The interquartile range formula is the first quartile subtracted from the third quartile:

IQR = Q₃ – Q₁

A commonly used rule says that a data point is an outlier if it is more than 1.5*IQR above the third quartile or below the first quartile.In other words, low outliers are below Q1−1.5*IQR and high outliers are above Q3+1.5*IQR.

Now lets calculate the five number summary: Minimum value, First quartile (Q1), Median, Third quartile (Q3) and Maximum value.

Minimum value:

   The minimum value is 8.3

Median:

   Inorder to find the median let's sort the data points (premature percent).

8.3, 8.5, 8.7, 8.8, 8.8, 8.9, 9, 9, 9, 9.1, 9.1, 9.2, 9.2, 9.3, 9.3, 9.5, 9.6, 9.7, 9.7, 9.8, 9.8, 9.8, 9.8, 9.9, 9.9, 9.9, 10, 10.2, 10.2, 10.3, 10.3, 10.4, 10.4, 10.5, 10.6, 10.6, 10.7, 10.7, 10.7, 10.9, 10.9, 11, 11.3, 11,4, 11.4, 11.4, 11.4, 11.8, 12.3, 12.9, 13.5

Since total number of data points (N) = 51 which is odd.

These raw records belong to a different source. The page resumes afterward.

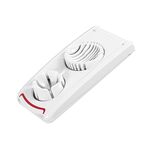 LEIFHEIT  Eierschneider Combi ComfortLin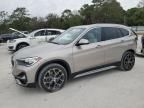 2022 BMW X1 SDRIVE28I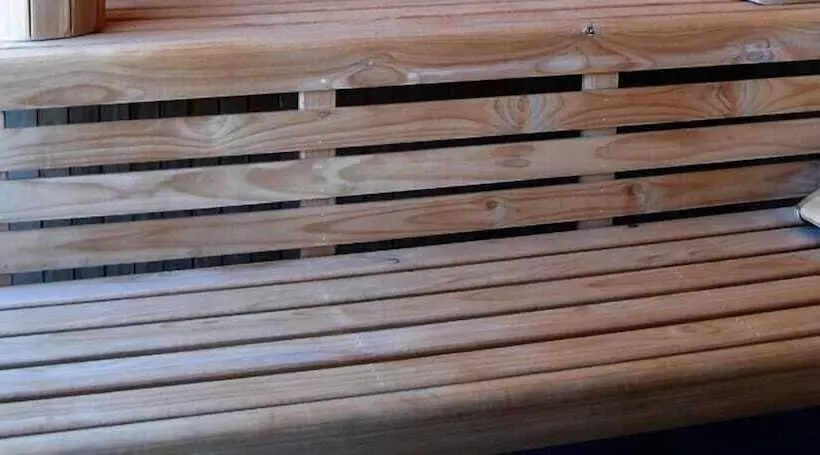 T Design Hotel Boutique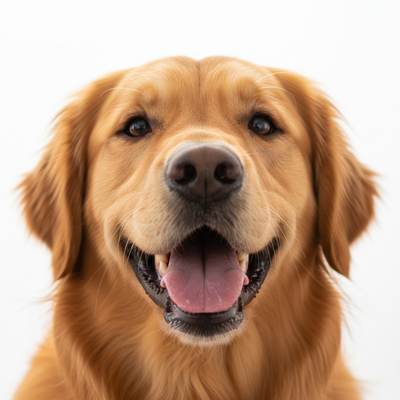 Dogs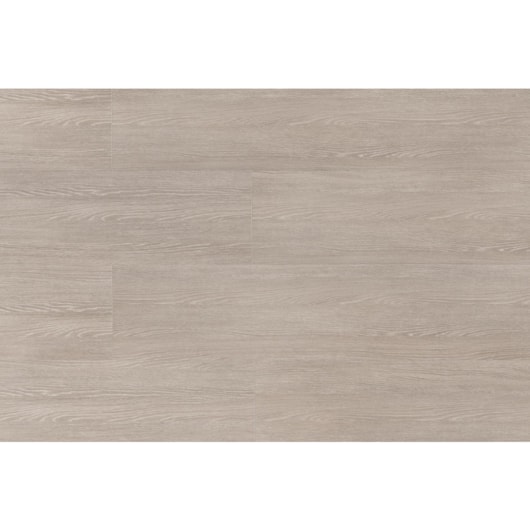 Piso Laminado Eucafloor Evidence Click Sbiancato 29,2x135,7cm - Imagem principal - e9262e94-210b-47b1-ada0-3302ae6939a8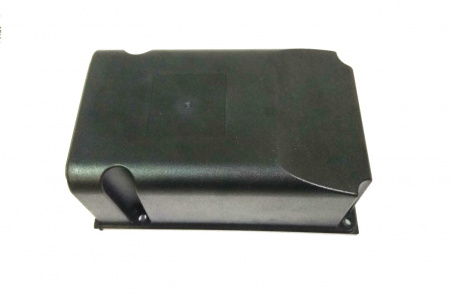 Крышка корпуса SH500, SH500-1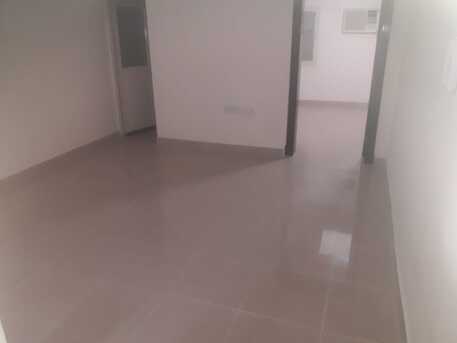 Manama, Apartments/Houses, BHD 200/month,  1 BR,  90 Sq. Meter,  1 Bhk Semi Furnished Flat Available In Ummalhassam Call Aleena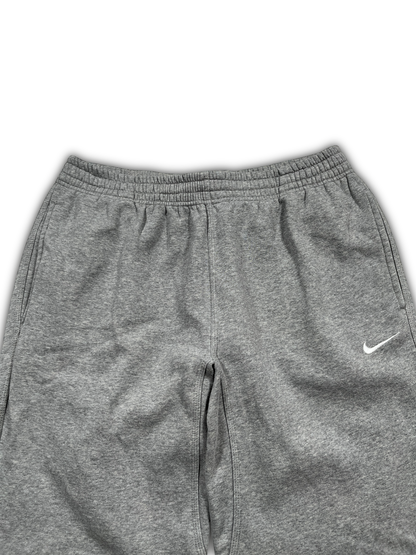 Nike Baggy Joggers (L)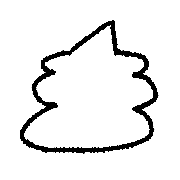 020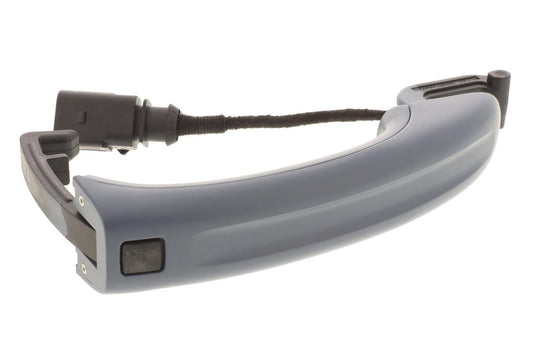 VEMO V10-85-0085 Outside Door Handle | ML Performance Car Parts
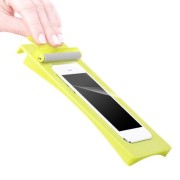 PureGear-PureTek-Roll-On-Screen-Shield-Kit-HD-Impact-Screen-Protector-for-iPhone-6s6-0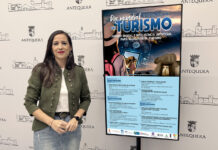 Antequera celebra el Día Mundial del Turismo con cuatro días de patrimonio, naturaleza y gastronomía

Thus the median will be the middle value ((i.e) 26th value) which is 9.9. Thus MEDIAN=9.9

First quartile (Q1):

  First quartile (Q1)​ is the median of the first half of data values without involving the median (26th value 9.9)

First half of the data: 8.3, 8.5, 8.7, 8.8, 8.8, 8.9, 9, 9, 9, 9.1, 9.1, 9.2, 9.2, 9.3, 9.3, 9.5, 9.6, 9.7, 9.7, 9.8, 9.8, 9.8, 9,8, 9.9, 9.9

Since the size of first half of data is 25 which is odd, median is the central value (13th value) of first half data which is 9.2.

Thus first quartile (Q1)= 9.2

Third quartile (Q3):

   Third quartile (Q3)​ is the median of the second half of data values without involving the median (26th value 9.9)

Second half of data: 10, 10.2, 10.2, 10.3, 10.3, 10.4, 10.4, 10.5, 10.6, 10.6, 10.7, 10.7, 10.7, 10.9, 10.9, 11, 11.3, 11,4, 11.4, 11.4, 11.4, 11.8, 12.3, 12.9, 13.5

Since the size of second half of data is 25 which is odd, therefore the median is the central value (13th value) of second half data which is 10.7.

Thus Third quartile (Q3) = 10.7

Maximum Value:

    The maximum value is 13.5

TO FIND OUTLIER:

An observation is an outlier if it falls more than 1.5(IQR) above the upper quartile or more than 1.5(IQR) below the lower quartile.​ In other words if an observation falls above Q3+1.5(IQR) or falls below Q1-1.5(IQR), it is an outlier.

Now IQR = Q3-Q1

= 10.7-9.2

   IQR = 1.5

Thus Q1 - 1.5(IQR) = 9.2 - 1.5(1.5)

= 9.2 - 2.25

Q1 - 1.5(IQR) = 6.95

And Q3 + 1.5(IQR) = 10.7 + 1.5(1.5)

   = 10.7 - 2.25

   Q3 + 1.5(IQR) = 8.45

Thus we could see that the smallest value 8.3 lies between Q1 - 1.5(IQR) and Q3 + 1.5(IQR). Thus 8.3(Oregon) is not an outlier. But the largest value 13.5 (Mississipi) 13.5 lies above Q3 + 1.5(IQR). Thus the largest value 13.5 is an outlier.